Re: [PATCH v2] binfmt_elf: Update READ_IMPLIES_EXEC logic for modern CPUs
From: Hector Marco-Gisbert
Date: Fri May 03 2019 - 15:50:56 EST
Hello Kees, all,
Sorry for the delayed response, I haven't had time to see this until now.
On 25/04/2019 17:51, Kees Cook wrote:
> On Wed, Apr 24, 2019 at 10:42 PM Ingo Molnar <mingo@xxxxxxxxxx> wrote:
>> Just to make clear, is the change from the old behavior, in essence:
>>
>>
>> CPU: | lacks NX | has NX, ia32 | has NX, x86_64 |
>> ELF: | | | |
>> ------------------------------|------------------|------------------|
>> missing GNU_STACK | exec-all | exec-all | exec-none |
>> - GNU_STACK == RWX | exec-all | exec-all | exec-all |
>> + GNU_STACK == RWX | exec-all | exec-stack | exec-stack |
>> GNU_STACK == RW | exec-all | exec-none | exec-none |
>> [...]
>> 'exec-all' : all user mappings are executable
> For extreme clarity, this should be:
>
> 'exec-all' : all PROT_READ user mappings are executable, except when
> backed by files on a noexec-filesystem.
>
>> 'exec-none' : only PROT_EXEC user mappings are executable
>> 'exec-stack': only the stack and PROT_EXEC user mappings are executable
> Thanks for helping clarify this.

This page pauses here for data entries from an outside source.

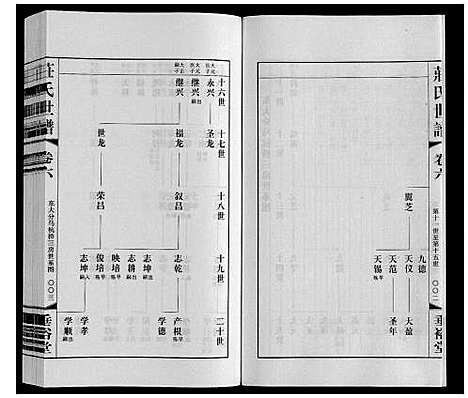 [庄]庄氏世谱 (江苏) 庄氏世谱_六.pdf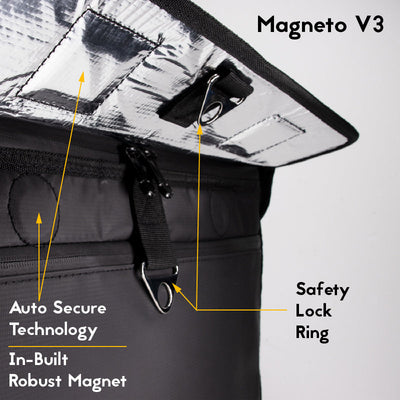 MFC 22L MAGNETO V3 Mini Series Magnetic and Zip with Lock Ring Sling Food Delivery Thermal Bag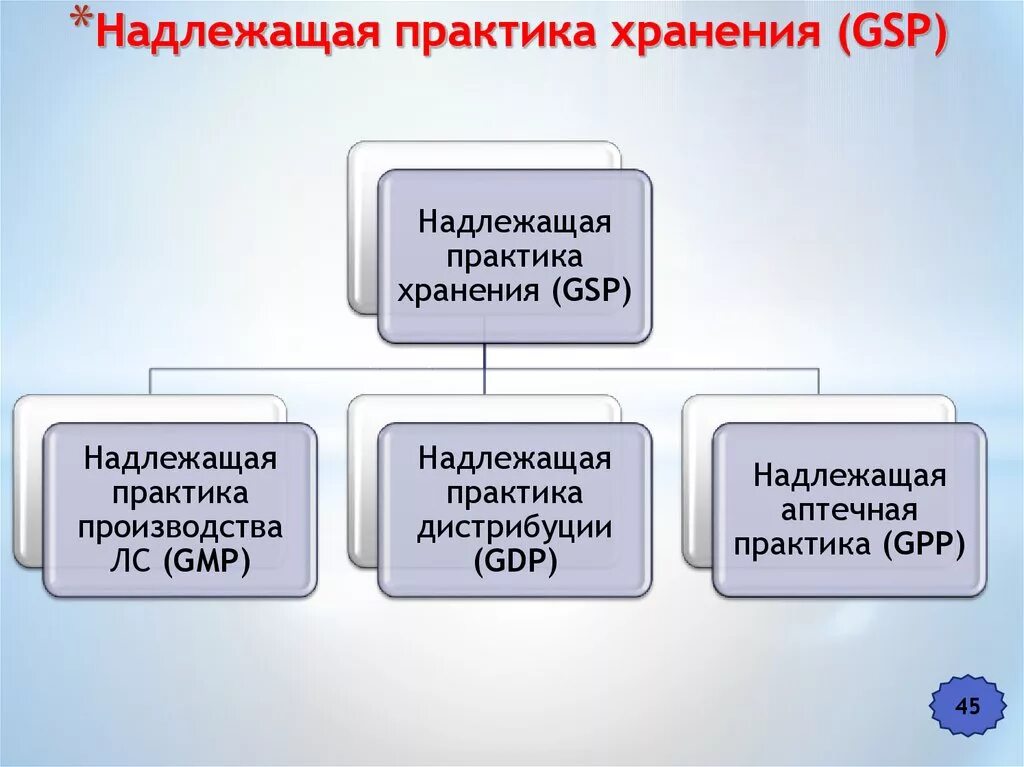 Надлежащая инстанция. Надлежащая практика хранения. GSP стандарт. Надлежащая практика хранения лекарственных средств. GSP надлежащая практика.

I spent last evening trying to figure
> out a better way to explain/illustrate this series; my prior patch
> combines too many things into a single change. One thing I noticed is
> the "lacks NX" column is wrong: for "lack NX", our current state is
> "don't care". If we _add_ RIE for the "lacks NX" case unconditionally,
> we may cause unexpected problems[1]. More on this below...
>
> But yes, your above diff for "has NX" is roughly correct. I'll walk
> through each piece I'm thinking about. Here is the current state:
>
> CPU: | lacks NX* | has NX, ia32 | has NX, x86_64 |
> ELF: | | | |
> -------------------------------|------------------|----------------|
> missing GNU_STACK | exec-all | exec-all | exec-all |
> GNU_STACK == RWX | exec-all | exec-all | exec-all |
> GNU_STACK == RW | exec-none | exec-none | exec-none |
>
> *this column has no architecture effect: NX markings are ignored by
> hardware, but may have behavioral effects when "wants X" collides with
> "cannot be X" constraints in memory permission flags, as in [1].
>
>
> I want to make three changes, listed in increasing risk levels.
>
> First, I want to split "missing GNU_STACK" and "GNU_STACK == RWX",
> which is currently causing expected behavior for driver mmap
> regions[1], etc:
>
> CPU: | lacks NX* | has NX, ia32 | has NX, x86_64 |
> ELF: | | | |
> -------------------------------|------------------|----------------|
> missing GNU_STACK | exec-all | exec-all | exec-all |
> - GNU_STACK == RWX | exec-all | exec-all | exec-all |
> + GNU_STACK == RWX | exec-stack | exec-stack | exec-stack |
> GNU_STACK == RW | exec-none | exec-none | exec-none |
>
> AFAICT, this has the least risk. I'm not aware of any situation where
> GNU_STACK==RWX is supposed to mean MORE than that. As Jann researched,
> even thread stacks will be treated correctly[2]. The risk would be
> discovering some use-case where a program was executing memory that it
> had not explicitly marked as executable. For ELFs marked with
> GNU_STACK, this seems unlikely (I hope).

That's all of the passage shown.